Sen. Bernie Sanders of Vermont had his own reaction to the scandal that led Congress to defund ACORN, the multi-state anti-poverty and voting rights organization. Freelance videos recently purported to show ACORN employees giving advice on how to evade taxes and run prostitution enterprises, and the group is being investigated for mismanagement of money.

But, Sanders asks, where's the outrage when misbehaving defense contractors bilk the country of billions?

Sanders two weeks ago got an amendment through Congress that aims to apply the same standard used to remove ACORN's funding to defense firms. The amendment would require the Defense Department to calculate how much money is paid contractors that have defrauded the country, and recommend penalties.

Sanders pointed out that "…virtually every major defense contractor in this country has… been engaged in systemic, illegal, and fraudulent behavior. … We're not talking here about the $53 million that ACORN received over 15 years. We're in fact talking about defense contractors who have received many, many billions in defense contracts and year after year, time after time, violated the law, ripping off the taxpayers of this country big time."

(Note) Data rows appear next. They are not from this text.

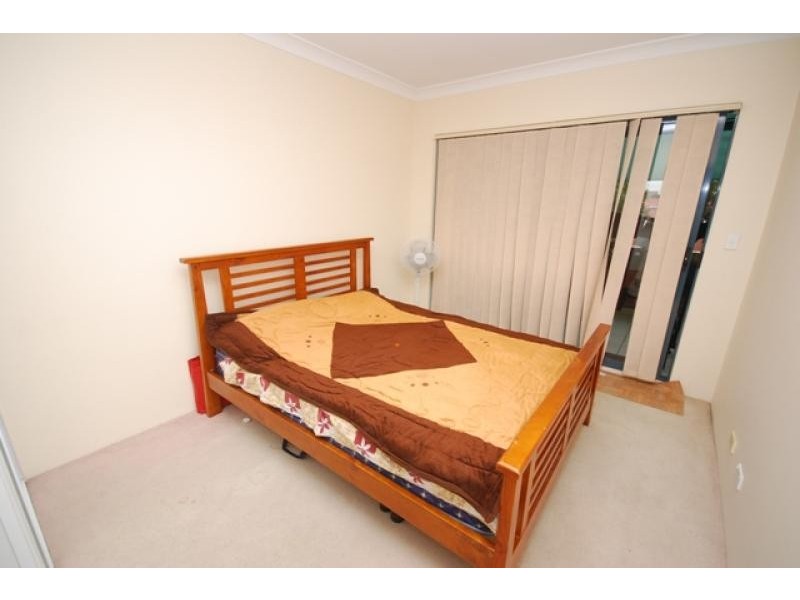 Unit 23/285 Merrylands Road, Merrylands NSW 2160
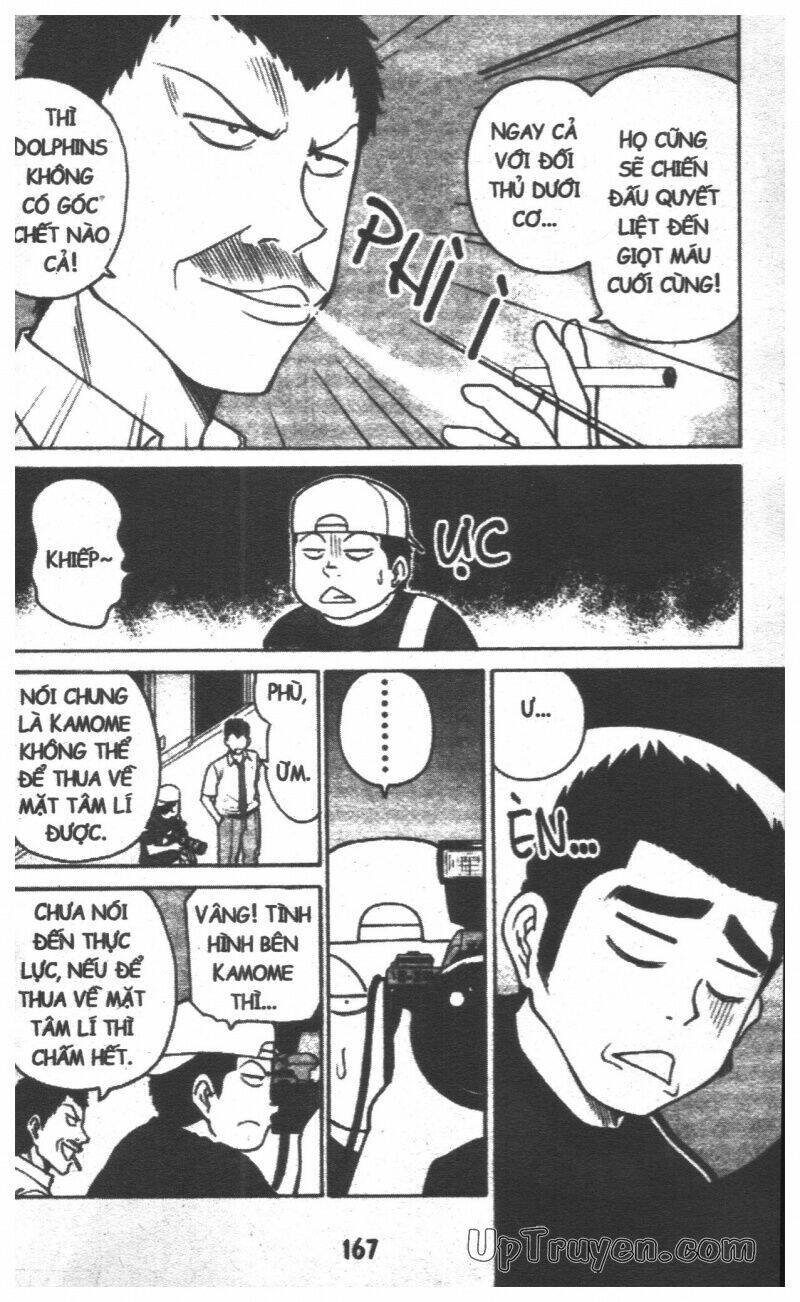 golden age chapter 13 168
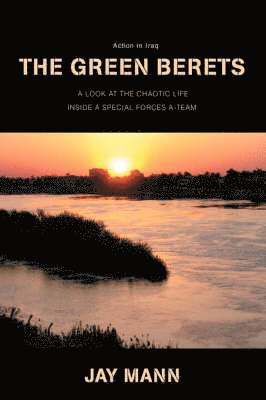 The Green Berets 1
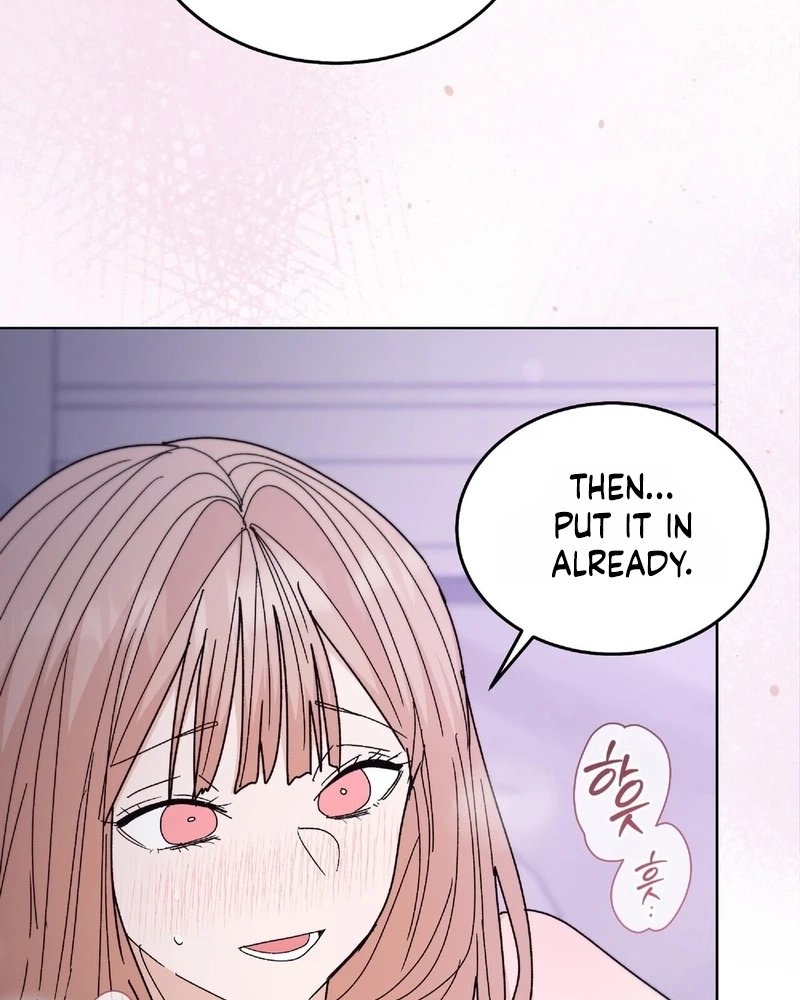 In Too Deep Chapter 42 page 50 - 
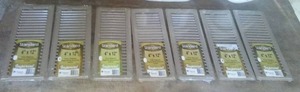 Imperial Floor Registers (7).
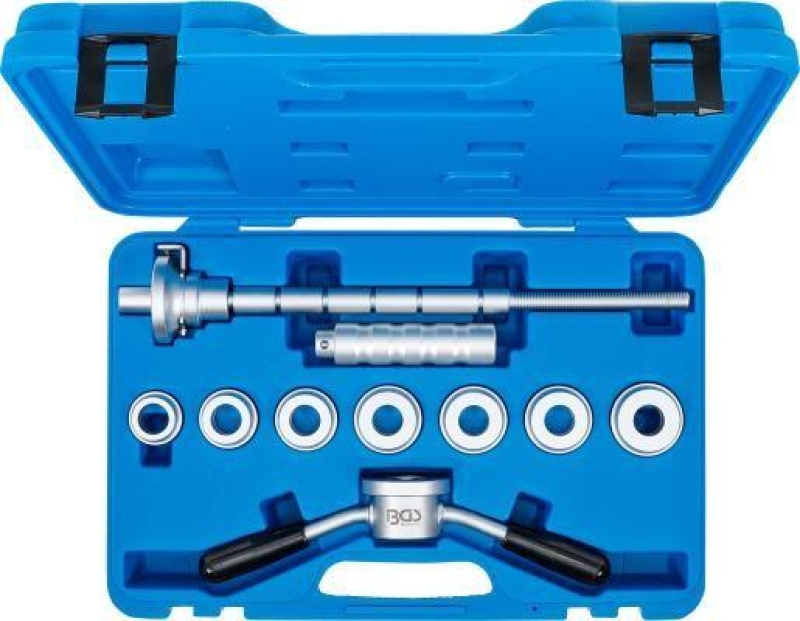 BGS Installation Tool Set. steering head bearing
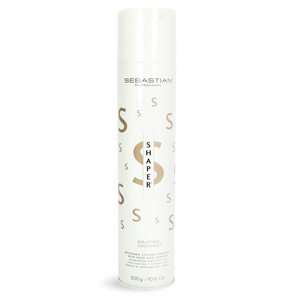 Sebastian Shaper Plus Hair Spray 10.6 oz  
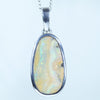 Great Opal Gift Idea - Australian Opal Shop - Gold Coast - Qld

Sanders cited information from the Project on Government Oversight showing that the country's three largest defense firms, Northrop Grumman, Boeing and Lockheed Martin, have been charged with "misconduct" in 109 cases since 1995, and have paid a combined $2.9 billion in "fees and settlements." Despite that, said Sanders, "In 2007, their 'punishment' was . . . $77 billion in government contracts."

And the misconduct wasn't just technical. Sanders pointed to an incident in which Boeing agreed to a settlement of $54 million following charges that it put defective gears in more than 140 Chinook helicopters later sold to the army—a situation that recalls the Arthur Miller play All My Sons. One of those helicopters crashed during a mission in Honduras, killing five soldiers.